■ Your instructions: You are asked to repeat the listing word for word and to leave out its pictures.

■ Records provided:
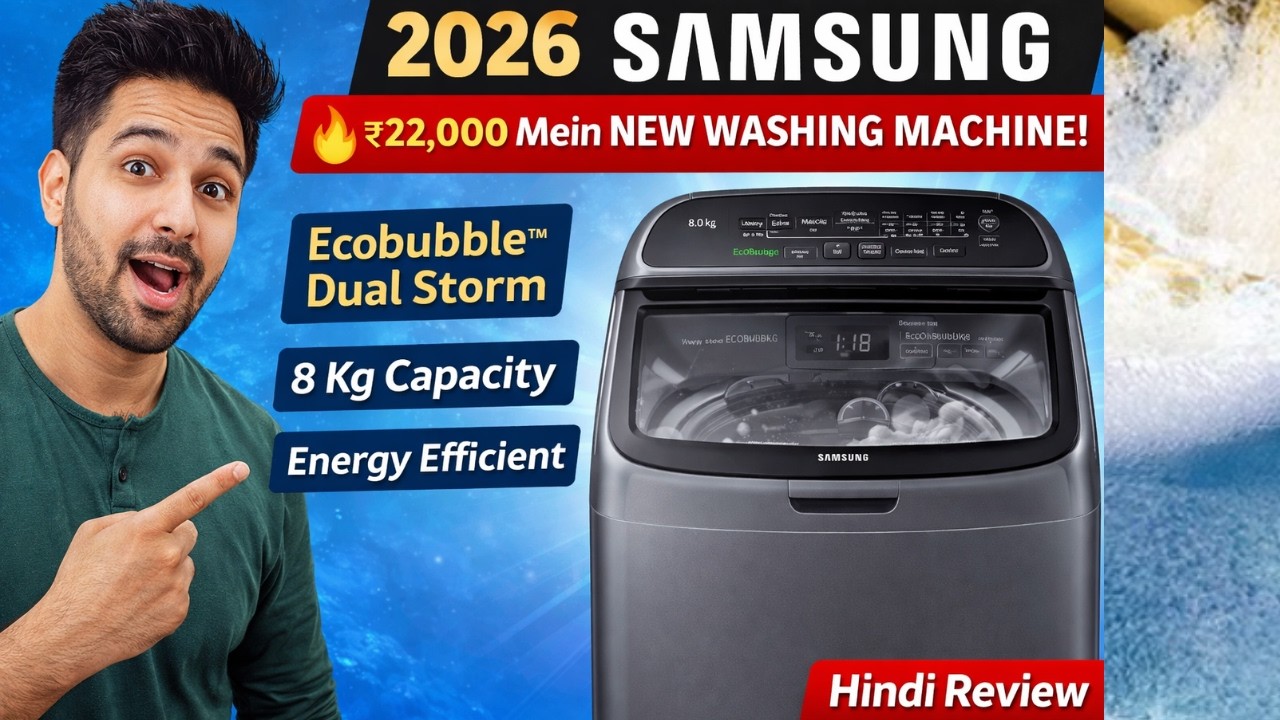 Best Washing Machine Under 25000? Samsung 8Kg Ecobubble 2026 Review ...
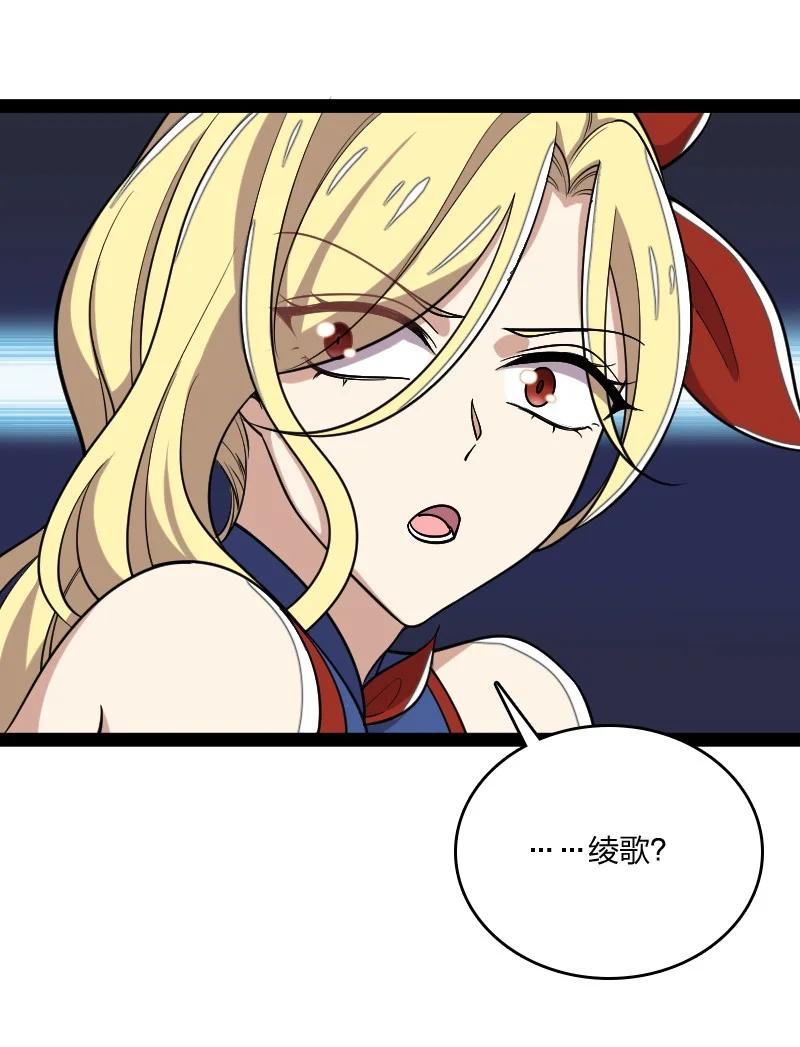 072 人族鬼王17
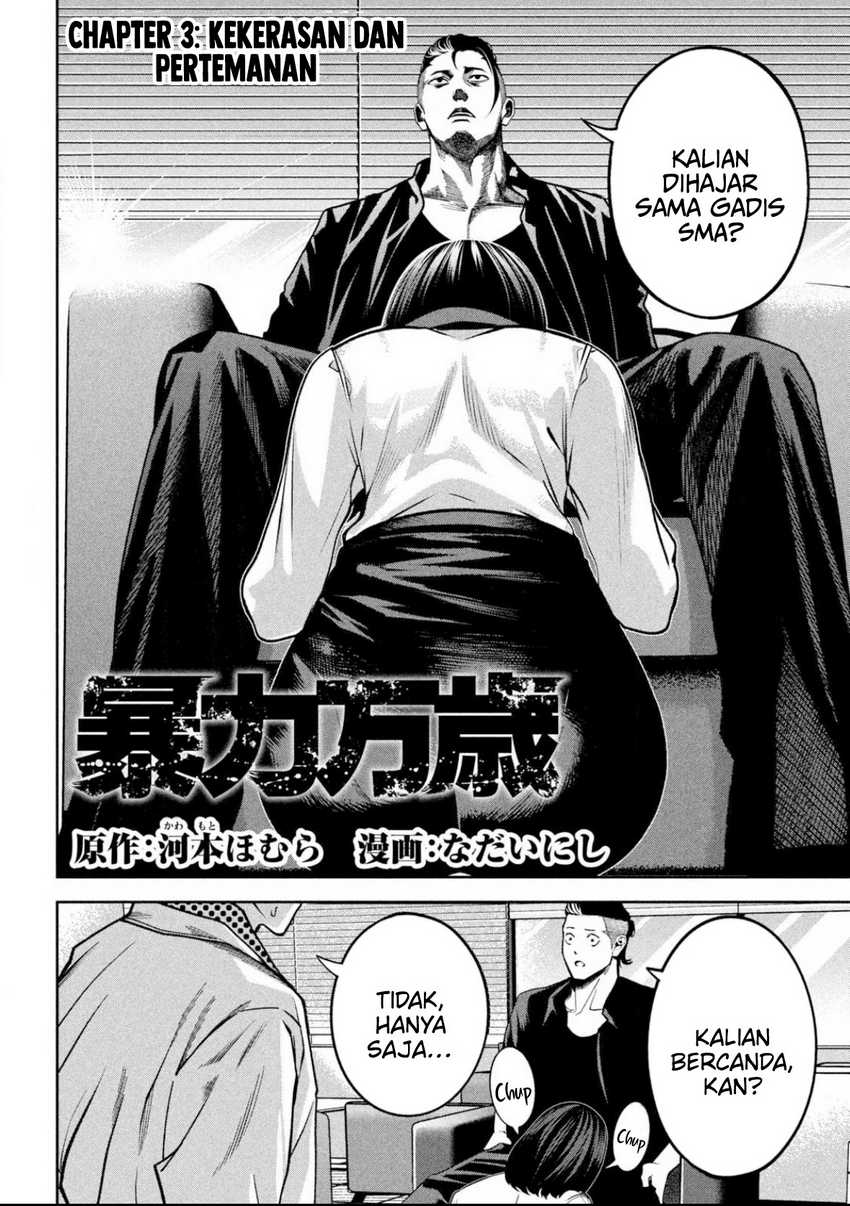 Bouryoku Banzai Chapter 03 Gambar 3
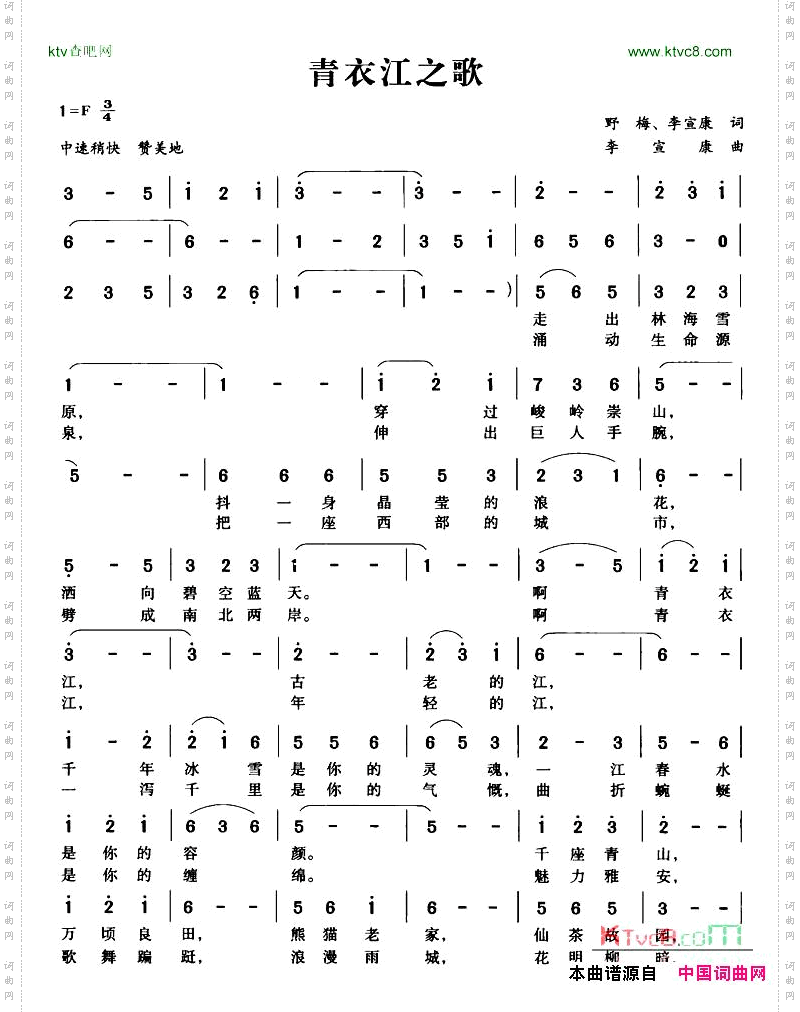 青衣江之歌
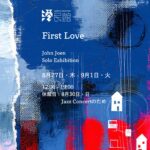 「First Love」John Jeon solo exhibition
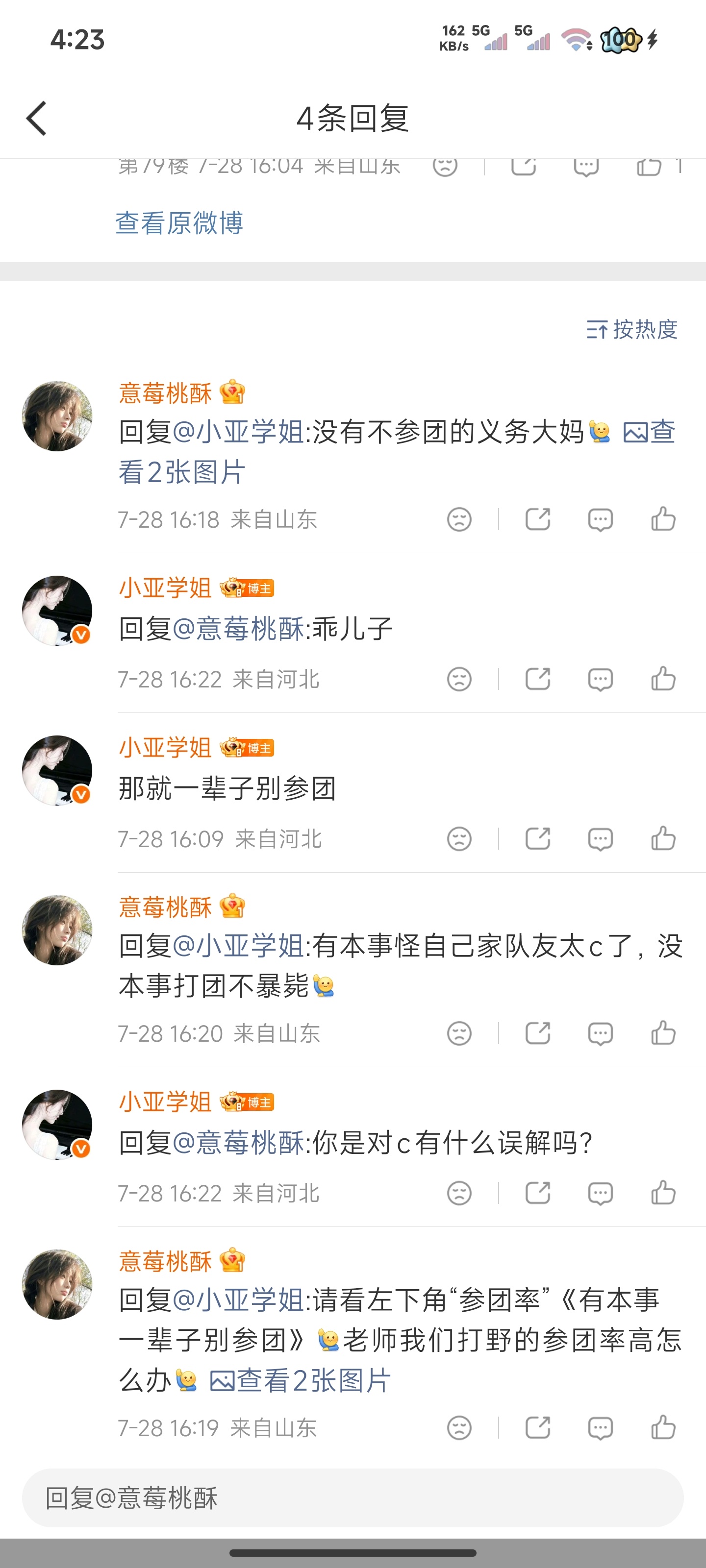 网页链接  笑死个人，破防的矮子大妈 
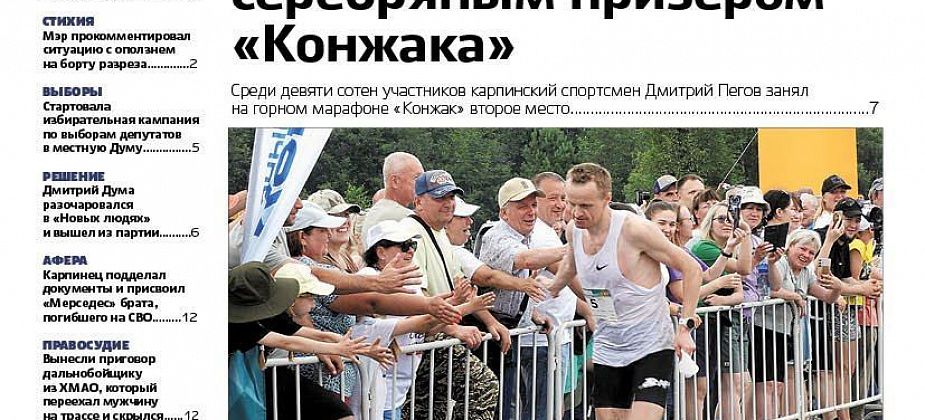 Про «Конжак», разочарование в «Новых людях» и спорный «Мерседес» читайте в «Вечернем Карпинске»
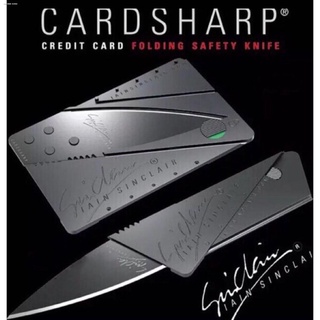 party decorchristmas❒Card sharp credit card knife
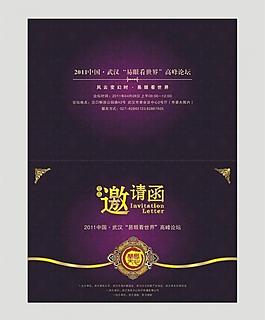 邀請(qǐng)函圖片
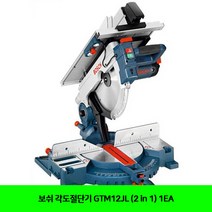 CT 보쉬 각도절단기 GTM12JL (2 in 1) 1EA(5240199)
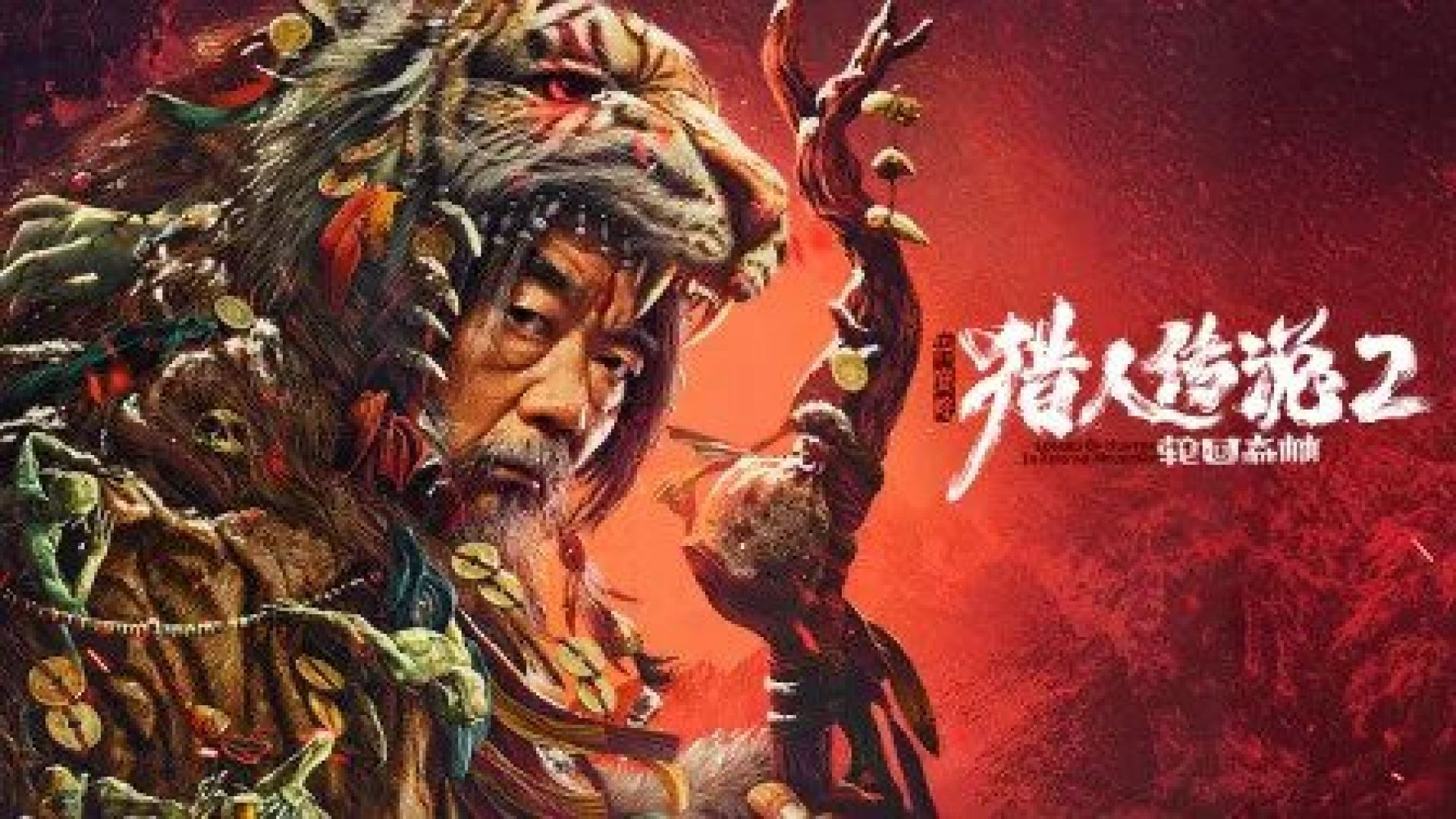 Legend of Hunter 2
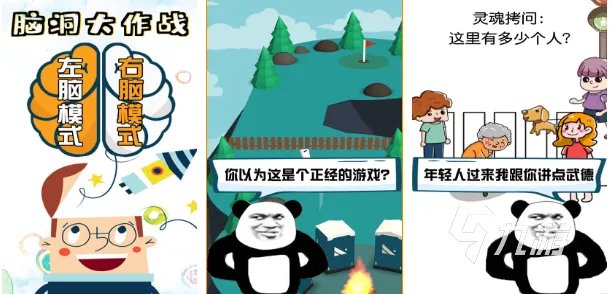 开发孩子智力的游戏有哪些 2023耐玩的开发智力手游合集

■ Answer to the problem:
 Best Washing Machine Under 25000? Samsung 8Kg Ecobubble 2026 Review ...
 072 人族鬼王17
 Bouryoku Banzai Chapter 03 Gambar 3
 青衣江之歌
 「First Love」John Jeon solo exhibition
 网页链接  笑死个人，破防的矮子大妈 
 Про «Конжак», разочарование в «Новых людях» и спорный «Мерседес» читайте в «Вечернем Карпинске»
 party decorchristmas❒Card sharp credit card knife
 邀請(qǐng)函圖片
 CT 보쉬 각도절단기 GTM12JL (2 in 1) 1EA(5240199)
 Legend of Hunter 2
 开发孩子智力的游戏有哪些 2023耐玩的开发智力手游合集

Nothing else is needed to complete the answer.